“You Shouldn’t Have All of This” by Michelle Li
Poetry Pause is the League of Canadian Poets’ daily poetry dispatch. Read “You Shouldn’t Have All of This” by Michelle Li.
You Shouldn’t Have All of This
By Michelle Li
In the year we fell apart, I watched her post polaroids without me
online. Those honey-eyed afternoons when even the leaves distorted
themselves: sidewalk cracks large enough to swallow my leaving,
how everyone wants to be somebody & to go to Princeton, violin
rehearsal after school, the epiphany that if I couldn’t learn to love
myself, I might die from misery. All these sorrows, I knew they were mine.
Always, at odd times, I am left kneeling in strange places, sobbing into
a bout of gentle wind, churning candlelight into the frame of a self-portrait.
Nothing makes sense when it’s under my fingertips, even less when
I’ve martyred the color of autumn into a punctum of wariness.
For so long, my greatest dream has been to cocoon my waiting body
into sleep, wait for the sway and gentle patter of spring rain.
Say it’s September’s prelude. Say, once in class, she told me I was half
her worth. You shouldn’t have all of this; she might as well have shoved
my body against the wall and slapped a forever eulogy into my cheekbones.
I knew what she meant: my grandparents’ cooking, my father’s timid
kindness, this life of plentiful bounty to rot—that I was undeserving
of a life to begin with. Of course, I understood it. The rule of girlhood is
that you are born too soft: weathered into seasonal compliance, cuffed down by
merciless repentance, unburdened by the metamorphosis to oblivion.
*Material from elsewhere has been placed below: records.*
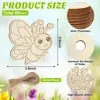 Forma de Flor de Abeja de Jardín de Madera Decoración del Hogar Colgante de Regalo Pintura Hecha a Mano para Niños Graffiti Artesanías de Madera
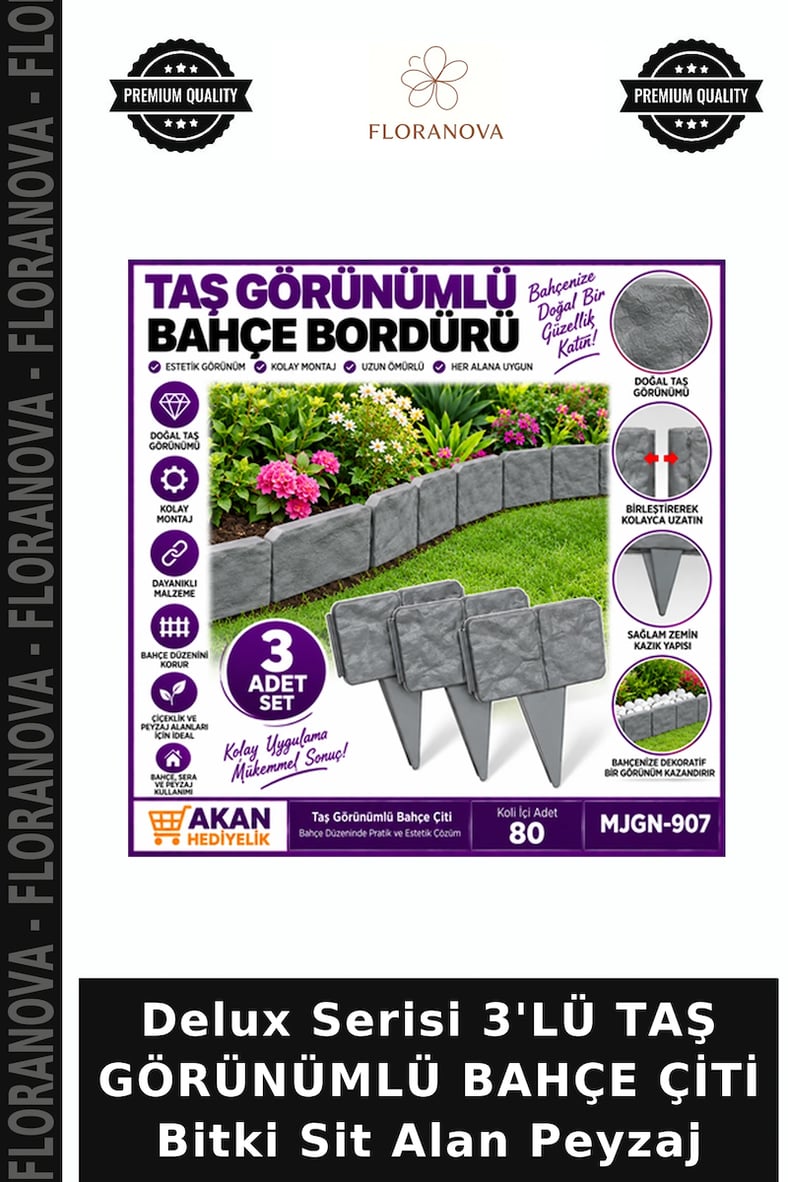 Delux Serisi 3'LÜ TAŞ GÖRÜNÜMLÜ BAHÇE ÇİTİ Bitki Sit Alan Peyzaj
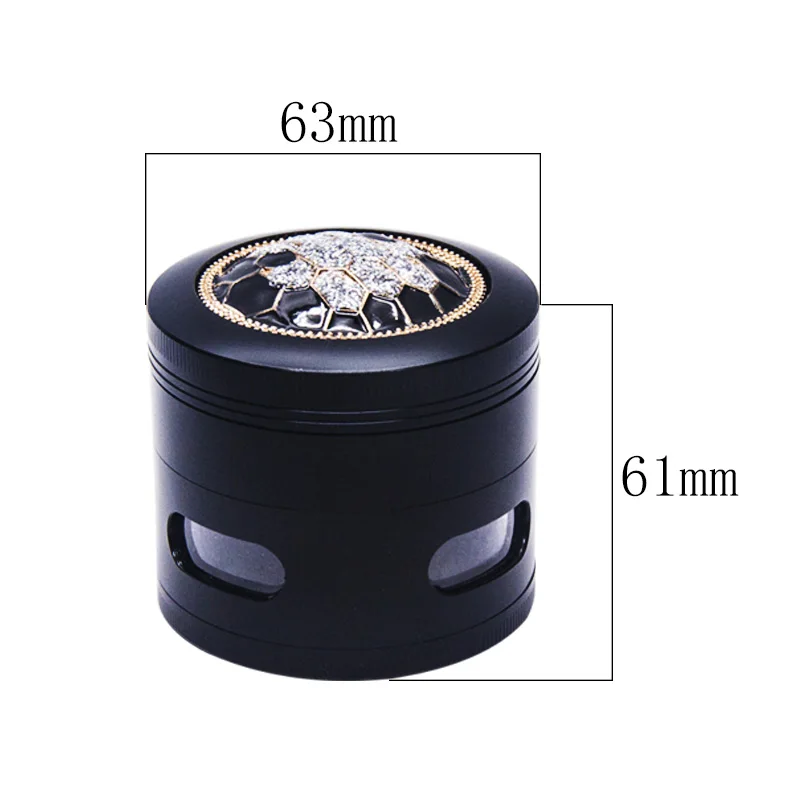 GZ3363132 Tobacco Spice Herb Grinder Smoking Accessories Metal Zinc Alloy Wholesale  63mm 4 Layers custom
The rule of poetry is to make everything about yourself: after that, I
purposefully stood in crowded rooms just to see how important everyone
could be. I am sorry to report what I learned: you can laugh and cry
with someone for years, only to realize while you are regressing into loitering
mothlight, the earth spins on its axis, and another fully formed spine hardens,
expands its wings in fair weather, flocks south to be noticed.
The only thing I could give worth having was the knowledge
that there was nothing to offer anymore. Do you know you are everything?
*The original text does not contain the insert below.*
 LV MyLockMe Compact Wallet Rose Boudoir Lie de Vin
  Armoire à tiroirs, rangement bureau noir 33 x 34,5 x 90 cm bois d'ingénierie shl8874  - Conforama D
a poet once asked me. I pick myself up from the embrace of wet tar,
the feeble trickle of kindness, feel for my heartbeat under layers of
crystallised skeleton, and began to laugh sadly in this dream.
Copyright © Michelle Li
Michelle Li has been nationally recognized by Scholastic Art and Writing, Bennington Young Writers Awards, and Narrative Magazine. An alumna of the Kenyon Review Young Writers Workshop and the Adroit Summer Mentorship, her work is forthcoming or published in Up the Staircase Quarterly, The Penn Review, and Frontier Poetry. She is editor in chief of Hominum Journal, editor of The Dawn Review, and reads for Palette Poetry. In addition, she plays violin and piano, loves Rachmaninoff, blackberries, and the rain.